Artist Ex Machina

Published May 26, 2006
Advertisement
The first word that comes to mind is "enlightening."


Actually, the first thing that comes to mind is rather a phrase, and the words typically average four letters. I won't repeat it here, as I suspect even the veteran sailors among us would be made slightly uncomfortable.


(Now I'm out of hyperbole and melodrama, so I'll just tell it straight. OK, maybe with a little bit of exaggeration. You know, screw it - 99% of what follows is probably total lies. But at least they'll hopefully be entertaining lies.)


So this cutscene system is getting larger. And by "getting larger" I mean that I am more or less resigned to dwelling in a cave for several millenia, doing nothing but writing code and subsisting on recycled guano, just to get the outline of the functionality done. It should only take a couple of lesser eternities to actually produce a working alpha.
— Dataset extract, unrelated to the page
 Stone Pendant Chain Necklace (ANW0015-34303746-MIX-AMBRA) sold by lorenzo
It isn't really as bad as I'm trying to make it sound, but it is rather severe. Originally, I'd understood the system as having two main parts: a sort of generic rendering service that draws pretty movie clips on the screen, and a semi-intelligent decision system that picks out different interesting things to draw, and feeds them into the rendering chain. I arrived here at the company office proud of my accomplishment (I'd finished a viewable prototype of the render chain, loading a dynamic scene from XML files) and was ready for my parade in the streets, complete with fountains of beer and numerous women with... shall we say... highly friendly dispositions. Well, I would have settled for a "cool, you're on schedule, that's great. What's next?"
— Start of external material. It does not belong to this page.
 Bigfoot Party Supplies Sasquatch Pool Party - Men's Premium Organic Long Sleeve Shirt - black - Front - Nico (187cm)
Instead you'd think I came in and announced that I was going to kill everyone by suffocating them in my rectum. There was that kind of awkward silence and shuffling-of-feet going on. Although, to be fair, I was asked to give the presentation rather suddenly. I'd dismantled the actual live-demo part in the airport during a layover on the trip over, so all I really had to show was stuff that's been in the project wiki for almost two months, and the demo XML file. I'd also been roughly awakened from my jetlag-induced nap no more than an hour before. I'm not entirely sure if the response was due to my presentation's utter lack of content, or if I inadvertently used a term like "schweinhund" along the way. I may never find out.


In any case, as it happens, the expectations for what this system will do have grown quite a lot since the last team discussion we had (at least, the last one I was involved in). The "semi-intelligent" side of things - the part that picks out cool stuff to show on the screen - has inflated a bit. I would have been ready to handle, say, Data from Star Trek, or perhaps even the HAL 9000. Unfortunately, things are slightly out of hand. Suffice it to say that by the time this thing works according to the current spec, it will set new standards for measuring just how smart something is. In fact, if you randomly pick a sequence of 10 lines of code from the (hypothetical) finished code, those ten lines will - by themselves - be smarter than Chuck Norris. I think it is now clear just how far things have gone.
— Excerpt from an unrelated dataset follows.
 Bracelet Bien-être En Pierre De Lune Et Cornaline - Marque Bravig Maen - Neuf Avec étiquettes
The system now is going to need at least three tiers on top of the existing (and basically done) rendering framework. The first is a sort of cameraman that is responsible for composing individual shots, given a list of subjects (a ship, a planet, and that thing over there that's blowing up) and some priorities (explosions cool, planets pretty, ship not so important just now). This will be challenging enough simply because it requires a lot of logic that is typically approached subjectively by the artists - which is to say, there are no written rules for how to make a particular shot "look good."

It doesn't stop there, though! The next layer up is a sort of director, who will go over a scene and pick out groups of interesting subjects. The director then gives the subjects to the cameraman logic and says "make a nice shot showing this stuff over here." After the cameraman decides on a shot, he generates some parameters for the render pipeline, which then in turn boils things down into atomic operations in the actual 3D engine itself.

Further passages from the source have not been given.